I have a credit union account and am trying (and failing) to understand the financial report compiled by the credit union. On the very last page of the report (re: Dividends Payable), it says: "The directors recommend the following distribution: 



Dividend on Shares:   1.5%


----------



## Cat Woman (29 Apr 2008)

Ok, that last post went a wee bit wrong. Here is the full one.


Hi folks,

I have a credit union account and am trying (and failing) to understand the financial report compiled by the credit union. On the very last page of the report (re: Dividends Payable), it says: "The directors recommend the following distribution: 


                            Rate         Current Year (€)
Dividend on Shares: 1.5%         84,163


Can I interpret the 1.5% as you would the AER on a deposit account?
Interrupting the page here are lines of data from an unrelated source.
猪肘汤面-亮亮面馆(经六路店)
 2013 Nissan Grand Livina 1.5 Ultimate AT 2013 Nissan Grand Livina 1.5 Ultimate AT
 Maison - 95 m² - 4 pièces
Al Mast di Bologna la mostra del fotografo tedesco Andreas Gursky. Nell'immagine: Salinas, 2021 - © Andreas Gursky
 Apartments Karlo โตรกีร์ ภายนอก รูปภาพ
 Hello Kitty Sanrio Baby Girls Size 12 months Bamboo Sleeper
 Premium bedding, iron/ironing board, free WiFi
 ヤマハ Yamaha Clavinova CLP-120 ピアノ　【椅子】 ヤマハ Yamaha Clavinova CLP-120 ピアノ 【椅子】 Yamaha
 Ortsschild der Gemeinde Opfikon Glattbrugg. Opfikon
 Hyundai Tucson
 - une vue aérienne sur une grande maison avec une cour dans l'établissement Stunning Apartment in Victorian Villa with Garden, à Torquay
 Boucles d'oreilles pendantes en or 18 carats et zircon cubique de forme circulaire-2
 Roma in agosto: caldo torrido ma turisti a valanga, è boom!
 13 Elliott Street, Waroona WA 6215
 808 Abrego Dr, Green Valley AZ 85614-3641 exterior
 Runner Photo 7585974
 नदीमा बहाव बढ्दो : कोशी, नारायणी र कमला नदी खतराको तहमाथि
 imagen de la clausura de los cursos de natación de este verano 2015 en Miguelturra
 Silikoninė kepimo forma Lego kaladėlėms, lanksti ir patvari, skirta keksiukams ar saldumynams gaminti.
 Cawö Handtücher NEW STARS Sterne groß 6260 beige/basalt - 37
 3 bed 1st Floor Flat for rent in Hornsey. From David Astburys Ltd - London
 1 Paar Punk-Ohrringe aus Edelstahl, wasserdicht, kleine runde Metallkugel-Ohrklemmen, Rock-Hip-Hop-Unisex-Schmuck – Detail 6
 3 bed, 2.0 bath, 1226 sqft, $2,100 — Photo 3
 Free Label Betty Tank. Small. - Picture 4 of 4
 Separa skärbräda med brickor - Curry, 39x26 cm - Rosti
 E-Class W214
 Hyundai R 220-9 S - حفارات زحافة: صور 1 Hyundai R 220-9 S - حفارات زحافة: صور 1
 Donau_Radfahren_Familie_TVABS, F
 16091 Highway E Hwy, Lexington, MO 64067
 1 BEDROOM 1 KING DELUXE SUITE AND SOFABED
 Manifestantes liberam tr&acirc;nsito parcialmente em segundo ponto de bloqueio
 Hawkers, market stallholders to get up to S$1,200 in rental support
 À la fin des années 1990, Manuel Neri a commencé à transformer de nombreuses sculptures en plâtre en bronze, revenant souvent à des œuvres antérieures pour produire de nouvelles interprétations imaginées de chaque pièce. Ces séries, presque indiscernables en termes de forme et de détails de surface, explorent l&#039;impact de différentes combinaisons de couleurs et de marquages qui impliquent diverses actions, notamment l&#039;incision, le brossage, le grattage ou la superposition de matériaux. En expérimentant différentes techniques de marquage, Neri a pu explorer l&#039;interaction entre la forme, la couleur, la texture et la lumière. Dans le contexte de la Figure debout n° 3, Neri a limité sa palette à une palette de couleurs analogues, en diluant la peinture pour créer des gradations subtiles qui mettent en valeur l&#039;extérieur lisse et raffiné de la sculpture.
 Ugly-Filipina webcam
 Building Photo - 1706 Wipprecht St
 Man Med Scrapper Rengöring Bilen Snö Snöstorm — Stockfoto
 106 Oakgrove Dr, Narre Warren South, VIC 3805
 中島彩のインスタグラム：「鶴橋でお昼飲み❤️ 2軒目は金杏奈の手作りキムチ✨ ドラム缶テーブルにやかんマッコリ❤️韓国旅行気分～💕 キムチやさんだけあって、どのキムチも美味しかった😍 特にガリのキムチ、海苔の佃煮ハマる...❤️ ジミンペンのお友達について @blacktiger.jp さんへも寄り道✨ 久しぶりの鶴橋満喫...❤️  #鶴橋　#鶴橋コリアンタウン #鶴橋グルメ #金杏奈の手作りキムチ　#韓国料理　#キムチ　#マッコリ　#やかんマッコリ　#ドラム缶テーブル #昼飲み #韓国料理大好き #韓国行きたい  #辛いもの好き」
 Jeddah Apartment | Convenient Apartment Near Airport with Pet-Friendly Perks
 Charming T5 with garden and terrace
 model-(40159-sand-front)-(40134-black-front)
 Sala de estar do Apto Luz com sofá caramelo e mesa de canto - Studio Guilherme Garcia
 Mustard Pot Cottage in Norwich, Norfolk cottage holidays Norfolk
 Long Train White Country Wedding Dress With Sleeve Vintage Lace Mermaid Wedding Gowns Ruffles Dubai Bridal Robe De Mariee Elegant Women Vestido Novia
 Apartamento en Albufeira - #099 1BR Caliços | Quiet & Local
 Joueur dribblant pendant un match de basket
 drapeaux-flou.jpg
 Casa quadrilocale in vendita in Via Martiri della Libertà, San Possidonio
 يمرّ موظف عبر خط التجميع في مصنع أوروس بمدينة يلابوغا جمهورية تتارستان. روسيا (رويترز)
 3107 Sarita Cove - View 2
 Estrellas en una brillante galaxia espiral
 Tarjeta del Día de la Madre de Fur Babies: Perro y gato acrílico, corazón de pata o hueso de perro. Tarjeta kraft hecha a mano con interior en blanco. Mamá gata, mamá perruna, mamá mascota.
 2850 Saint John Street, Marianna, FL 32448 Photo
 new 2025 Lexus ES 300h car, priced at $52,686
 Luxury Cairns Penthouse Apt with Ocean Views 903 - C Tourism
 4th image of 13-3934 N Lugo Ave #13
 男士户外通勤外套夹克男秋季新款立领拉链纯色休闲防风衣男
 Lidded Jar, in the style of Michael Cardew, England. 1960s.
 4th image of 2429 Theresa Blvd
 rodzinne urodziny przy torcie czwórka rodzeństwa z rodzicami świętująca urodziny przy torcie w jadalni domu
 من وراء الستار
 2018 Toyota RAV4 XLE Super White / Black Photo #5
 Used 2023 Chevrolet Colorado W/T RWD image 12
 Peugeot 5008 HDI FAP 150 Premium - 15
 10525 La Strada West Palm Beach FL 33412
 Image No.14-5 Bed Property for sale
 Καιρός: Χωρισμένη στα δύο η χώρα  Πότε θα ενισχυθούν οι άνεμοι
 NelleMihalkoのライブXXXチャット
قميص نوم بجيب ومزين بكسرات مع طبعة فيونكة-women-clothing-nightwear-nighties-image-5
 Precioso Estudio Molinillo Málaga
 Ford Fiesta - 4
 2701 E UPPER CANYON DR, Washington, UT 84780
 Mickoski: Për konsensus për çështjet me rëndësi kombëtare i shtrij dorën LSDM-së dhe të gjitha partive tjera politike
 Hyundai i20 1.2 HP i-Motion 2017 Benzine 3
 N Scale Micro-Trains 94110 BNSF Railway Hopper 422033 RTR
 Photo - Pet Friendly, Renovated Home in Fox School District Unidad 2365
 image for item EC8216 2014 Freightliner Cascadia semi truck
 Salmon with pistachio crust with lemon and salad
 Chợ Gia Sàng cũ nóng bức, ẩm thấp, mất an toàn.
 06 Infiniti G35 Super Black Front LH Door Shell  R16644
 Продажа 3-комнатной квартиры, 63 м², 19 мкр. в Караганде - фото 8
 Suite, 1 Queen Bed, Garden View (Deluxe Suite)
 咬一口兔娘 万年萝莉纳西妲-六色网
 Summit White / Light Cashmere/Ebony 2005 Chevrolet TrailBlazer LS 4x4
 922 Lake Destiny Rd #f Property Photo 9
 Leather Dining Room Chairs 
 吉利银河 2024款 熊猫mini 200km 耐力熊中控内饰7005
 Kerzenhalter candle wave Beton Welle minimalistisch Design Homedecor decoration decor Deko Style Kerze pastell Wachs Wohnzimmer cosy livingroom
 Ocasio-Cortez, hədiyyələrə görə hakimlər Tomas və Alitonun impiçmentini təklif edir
If so, there doesn't seem to be much point in keeping my money in this account? 

Or is it a good idea to keep a certain amount of money in the account as credit unions are better for loans?

Thanks, 

Cathy


----------



## Slim (1 May 2008)

Cat Woman said:


> Ok, that last post went a wee bit wrong. Here is the full one.
> 
> 
> Hi folks,
> ...


 
Indeed, 1.5% is a low dividend. Credit Unions tend to be slower to raise rates. You will do far better on your deposit with an online account. BTW, they may be cheaper for loans than most banks. Might want to check out how much you can borrow, holding a certain amount in shares and move any excess to a higher yielding acc.

Slim

Slim


----------



## Cat Woman (1 May 2008)

Thanks Slim. I'm going to check with my credit union about how exactly they give loans. It might be worth my while to take most of the money out and maybe set up a regular direct debit to get a good saving history with them.

Thanks for the reply.

Cathy


----------



## jasconius (1 May 2008)

1.5% does seem low - check to see if there is any one off LOCU investment write down, but bear in mind that there are certain other benefits that you may get eg Loan could be forgiven if you die owing one, funeral benefit ,friendly service or weekly draws etc.

You certainly won't get these with a high street or internet bank.


----------



## Cat Woman (2 May 2008)

"one off LOCU investment write down"

I googled this but didn't get anything. Can you explain?


----------



## ClubMan (2 May 2008)

_Google _ and it might make more sense.


----------



## kaplan (5 May 2008)

Catwoman

Your post is intriguing as it appears to indicate the total dividend payable is €84,163.00 which at a rate of 1.5% means your credit union has about c€5.6m in total savings. This would rank as one of the smallest credit unions around. The 1.5% is the AER  which on balance is a poor return for the risks you are probably being exposed to. You might think about moving your money elsewhere. 

Kaplan


----------